Big plans. That’s what I had this week for my Unreal Project this week. I was going to get some new animations of a one-armed man loading a saddle onto a horse and then dramatically turning to the right or left as if hearing something in the distance. I was going to finally fix those crazy proportions in my scene (goodbye abnormally large bison). I was going to upload a new horse I found in Unity that had actual texture. I was going to find a good sample of a coyote howling off in the distance and match it perfectly with my new animation. What did I get instead:
Jesus christ….To quote Beckett, “Try again. Fail again. Fail better.” Unfortunately, I got stuck on the second sentence of that quote. Here’s how it happened.
I’ll spare you the details of the lab as you were there for it. I will say you definitely had my sympathy. Can’t imagine the pressure of a software not working when 20+ students are coming to use it and base their homework off of it. Had the software been functioning properly, I was interested in getting one animation: a one-armed model walking up to a horse, picking up a saddle (it would’ve been a sandbag in this case), propping it up onto a horse (stool), adjusting it for a few seconds before “hearing something in the distance” (turning their hard sharply). I definitely plan on trying to get that in the future.
Unable to get the animation I was looking for, I decided to pivot and use a simple walking animation we cleaned up last week. Unfortunately, that walking animation didn’t end in a t-pose but was instead abruptly cut off mid stride. I figured this was all exploratory though so I made a new Mixamo character, put it in motion builder, characterized those hips and brought the animation into my Unreal scene. My poor Mac, the more I give it the more I struggled. Rather than a full character, I got a choppy one who was missing parts of his head, shoulders and waist.
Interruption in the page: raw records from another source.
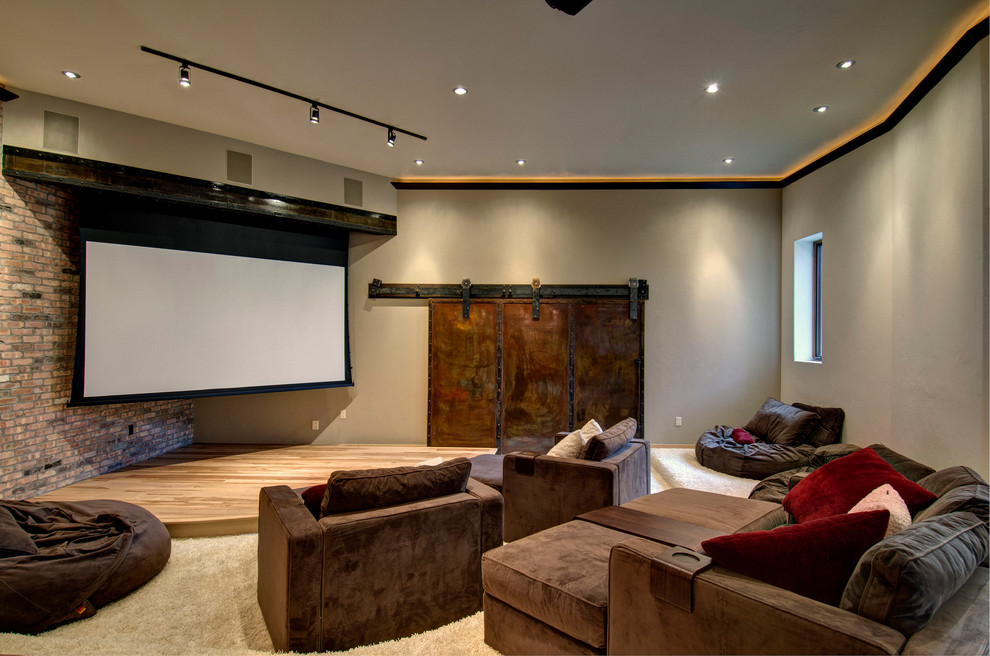 This is an example of a contemporary home theatre in Denver with grey walls and a projector screen.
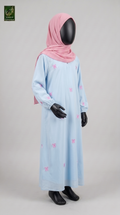 A child's long light blue abaya with small pink bow prints, styled with a pink hijab on a black mannequin against a light gray studio background.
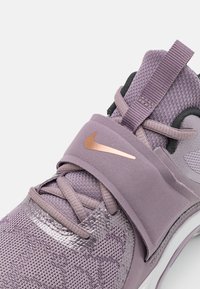 Fioletowy sneaker Nike z teksturowaną cholewką z siateczki, gładkim paskiem z metalicznym logo oraz amortyzowaną podeszwą.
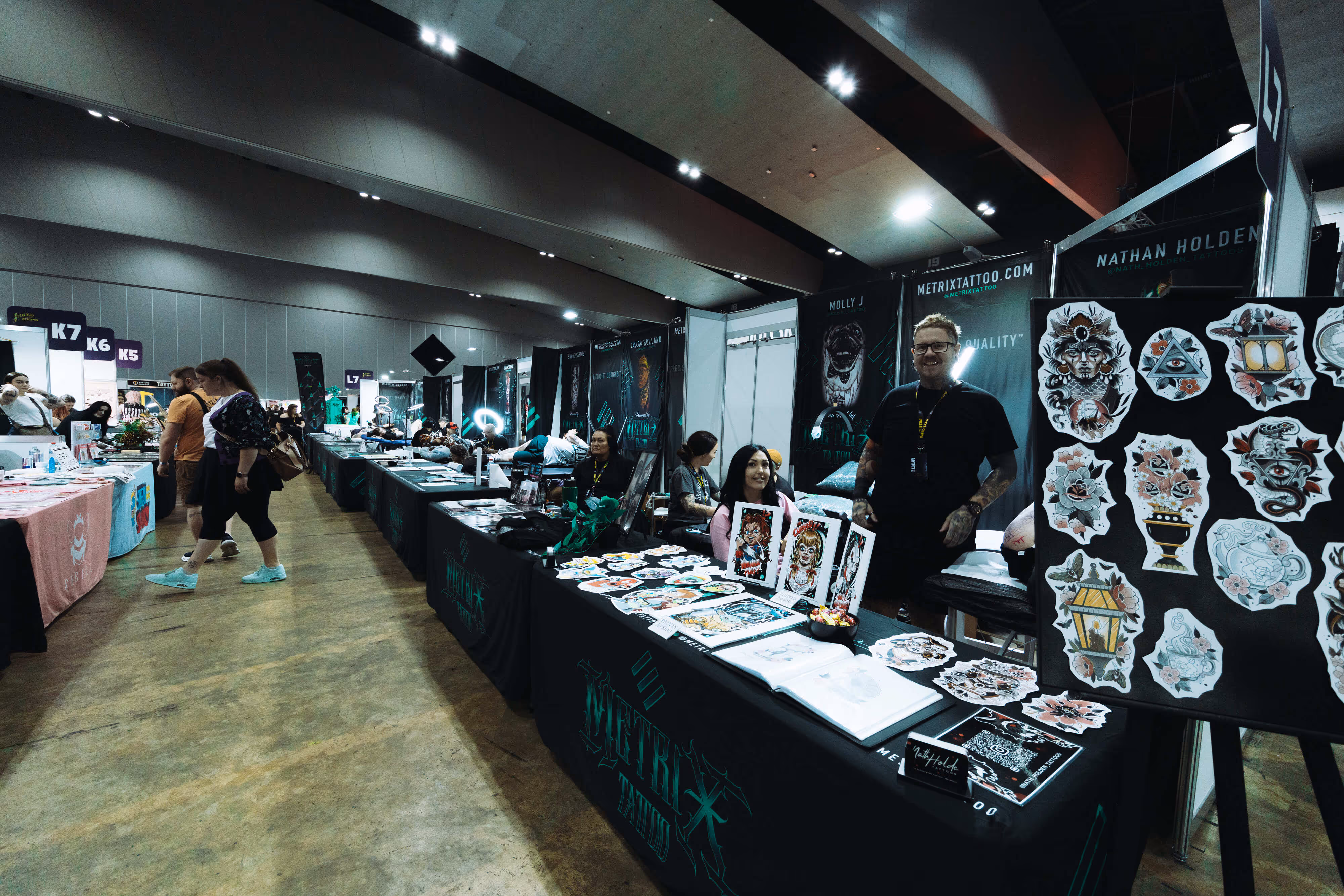 Tattoo convention booth with artists showcasing tattoo designs and artwork on tables and boards.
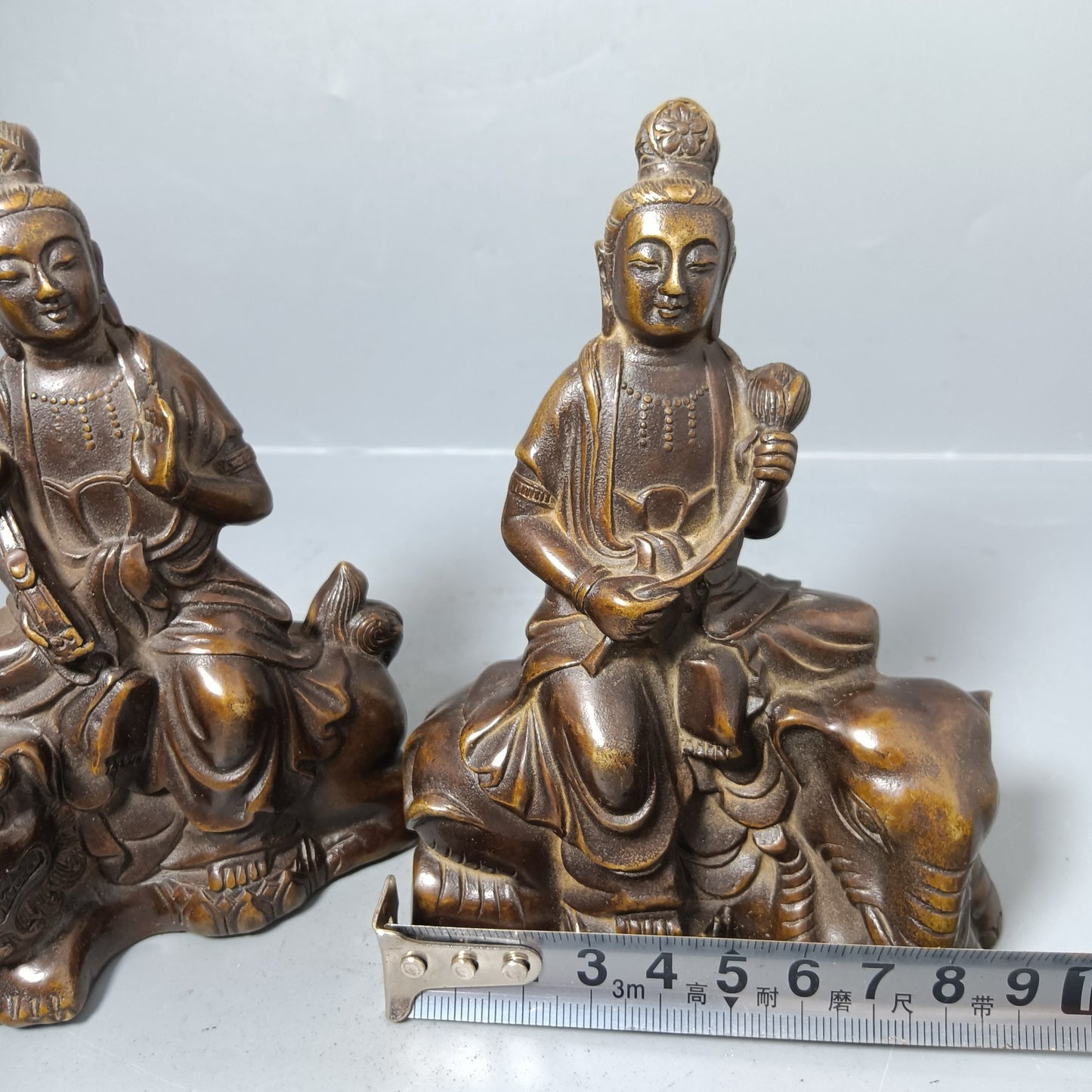 A pair of Chinese antique pure copper Manjushri universal sages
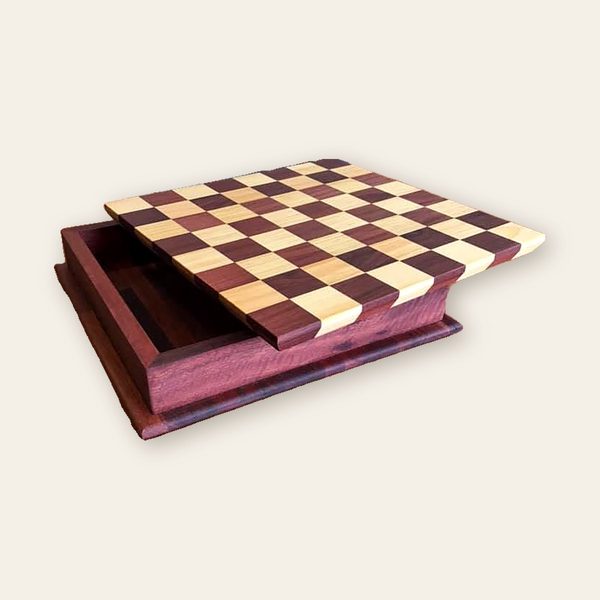 Two-tone timber chess box with the lid slid half open
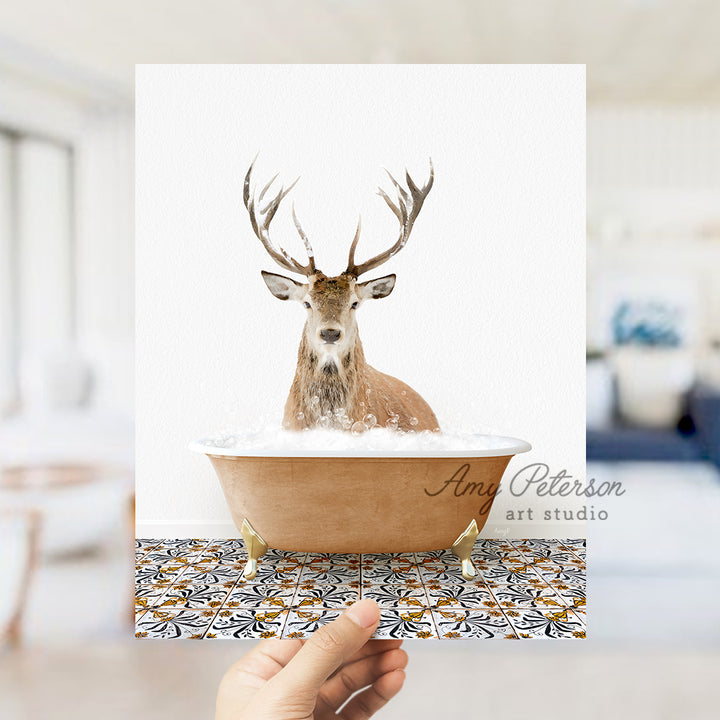 a hand holding a card with a picture of a deer in a bathtub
It would have to do.
Next came the part that I was sure would be the simplest and would be the most difficult: causing the walking animation to trigger a sound clip. There’s no reason this should’ve been as hard as it was. First, I tried a tutorial I found online but after about an hour of the coyote playing every time the scene started (I checked the blueprint thoroughly), I decided I’d go with your video from the last class. I thought that even though you focused on turning on a light, triggering a sound wouldn’t be too different. I played around with different nodes but couldn’t have any success. I’d either hear the coyote from the beginning of the scene or never at all.
Frustrated, I called Kat over and we sat looking over Unreal for a good 20 minutes. She instructed me to insert a console log that would display a message when the character walked through the trigger. We tried that but still had zero success. At this point we both called it quits as it was around 8 and I’d been on the floor struggling with that other gaming software for hours.
Deep down, I fuckin’ knew it. I knew there was something with the character not being a trigger. That’s the only reason that could explain the console log message not appearing. At the end of the day, I’m glad the situation was resolved even if it meant toiling over Unreal for hours only to have my problems be solved literally by the click of a button.
I really do look forward to making this scene what’s in my head: an exploration of subtlety.